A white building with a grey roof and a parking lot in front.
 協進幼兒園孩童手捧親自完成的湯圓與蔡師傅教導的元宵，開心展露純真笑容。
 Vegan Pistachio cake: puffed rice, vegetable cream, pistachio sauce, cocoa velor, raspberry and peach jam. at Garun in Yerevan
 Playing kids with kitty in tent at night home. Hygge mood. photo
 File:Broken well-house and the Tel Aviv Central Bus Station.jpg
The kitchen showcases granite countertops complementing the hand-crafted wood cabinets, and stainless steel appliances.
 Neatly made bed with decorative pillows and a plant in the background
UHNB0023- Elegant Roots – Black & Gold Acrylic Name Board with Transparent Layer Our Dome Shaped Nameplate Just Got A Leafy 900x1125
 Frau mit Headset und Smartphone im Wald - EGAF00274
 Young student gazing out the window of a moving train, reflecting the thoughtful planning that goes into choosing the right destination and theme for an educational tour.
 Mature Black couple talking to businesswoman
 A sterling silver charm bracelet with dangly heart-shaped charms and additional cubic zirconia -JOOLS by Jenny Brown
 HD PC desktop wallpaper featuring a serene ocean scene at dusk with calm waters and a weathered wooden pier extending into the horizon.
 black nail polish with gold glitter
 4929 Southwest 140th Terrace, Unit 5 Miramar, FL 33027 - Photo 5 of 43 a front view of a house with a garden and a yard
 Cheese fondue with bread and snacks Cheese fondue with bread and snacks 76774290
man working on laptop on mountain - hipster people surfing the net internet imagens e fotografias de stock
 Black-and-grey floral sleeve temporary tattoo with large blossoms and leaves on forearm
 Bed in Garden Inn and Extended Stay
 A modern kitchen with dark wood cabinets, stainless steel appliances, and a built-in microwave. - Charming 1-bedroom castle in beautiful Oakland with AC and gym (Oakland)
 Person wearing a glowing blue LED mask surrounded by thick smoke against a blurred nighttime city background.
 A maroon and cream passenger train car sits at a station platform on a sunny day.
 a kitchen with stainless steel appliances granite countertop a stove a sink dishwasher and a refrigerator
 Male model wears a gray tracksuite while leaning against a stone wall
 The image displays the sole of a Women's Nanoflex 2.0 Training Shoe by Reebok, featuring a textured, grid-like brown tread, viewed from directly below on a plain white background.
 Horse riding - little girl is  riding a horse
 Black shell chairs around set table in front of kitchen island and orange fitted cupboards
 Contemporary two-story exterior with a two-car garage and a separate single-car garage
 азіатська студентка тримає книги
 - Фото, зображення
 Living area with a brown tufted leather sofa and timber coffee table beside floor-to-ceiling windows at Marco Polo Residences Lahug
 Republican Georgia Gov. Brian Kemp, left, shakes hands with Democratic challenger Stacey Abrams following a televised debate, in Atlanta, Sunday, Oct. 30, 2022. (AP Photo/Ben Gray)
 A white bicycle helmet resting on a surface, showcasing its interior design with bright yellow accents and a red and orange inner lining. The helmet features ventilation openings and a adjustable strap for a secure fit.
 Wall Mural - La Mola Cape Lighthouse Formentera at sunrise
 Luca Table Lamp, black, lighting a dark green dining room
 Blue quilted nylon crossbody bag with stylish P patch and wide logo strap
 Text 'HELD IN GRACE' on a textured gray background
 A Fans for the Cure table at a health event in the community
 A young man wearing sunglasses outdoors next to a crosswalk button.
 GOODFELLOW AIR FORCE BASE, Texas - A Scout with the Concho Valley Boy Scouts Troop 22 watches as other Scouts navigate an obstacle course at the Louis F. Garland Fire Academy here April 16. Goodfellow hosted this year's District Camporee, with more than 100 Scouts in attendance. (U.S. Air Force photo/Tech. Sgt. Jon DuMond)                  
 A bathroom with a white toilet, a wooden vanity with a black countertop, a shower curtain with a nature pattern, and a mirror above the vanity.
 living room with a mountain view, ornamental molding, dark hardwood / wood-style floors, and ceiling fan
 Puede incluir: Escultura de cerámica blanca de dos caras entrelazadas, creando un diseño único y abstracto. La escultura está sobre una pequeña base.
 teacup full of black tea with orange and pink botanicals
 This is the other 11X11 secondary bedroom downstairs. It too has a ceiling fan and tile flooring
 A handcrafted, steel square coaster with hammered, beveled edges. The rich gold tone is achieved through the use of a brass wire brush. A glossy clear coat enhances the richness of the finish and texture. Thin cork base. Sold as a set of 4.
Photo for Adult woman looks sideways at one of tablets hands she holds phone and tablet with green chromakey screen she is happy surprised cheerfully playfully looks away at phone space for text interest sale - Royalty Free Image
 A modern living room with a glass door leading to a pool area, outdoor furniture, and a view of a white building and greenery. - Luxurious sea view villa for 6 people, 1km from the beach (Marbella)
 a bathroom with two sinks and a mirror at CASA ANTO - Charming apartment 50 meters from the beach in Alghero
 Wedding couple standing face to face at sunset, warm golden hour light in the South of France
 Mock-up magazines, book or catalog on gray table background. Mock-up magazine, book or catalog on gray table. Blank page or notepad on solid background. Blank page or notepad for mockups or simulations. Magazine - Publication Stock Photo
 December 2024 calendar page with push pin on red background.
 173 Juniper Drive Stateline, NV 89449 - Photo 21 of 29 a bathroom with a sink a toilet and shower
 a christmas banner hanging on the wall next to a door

____________

**Requirement**
For the listing above, print only the lines starting at the line containing "Cheese fondue with bread and snacks Cheese" and ending at the line containing "Person wearing a", exactly, both included.

**Solution to this exercise**
 Cheese fondue with bread and snacks Cheese fondue with bread and snacks 76774290
man working on laptop on mountain - hipster people surfing the net internet imagens e fotografias de stock
 Black-and-grey floral sleeve temporary tattoo with large blossoms and leaves on forearm
 Bed in Garden Inn and Extended Stay
 A modern kitchen with dark wood cabinets, stainless steel appliances, and a built-in microwave. - Charming 1-bedroom castle in beautiful Oakland with AC and gym (Oakland)
 Person wearing a glowing blue LED mask surrounded by thick smoke against a blurred nighttime city background.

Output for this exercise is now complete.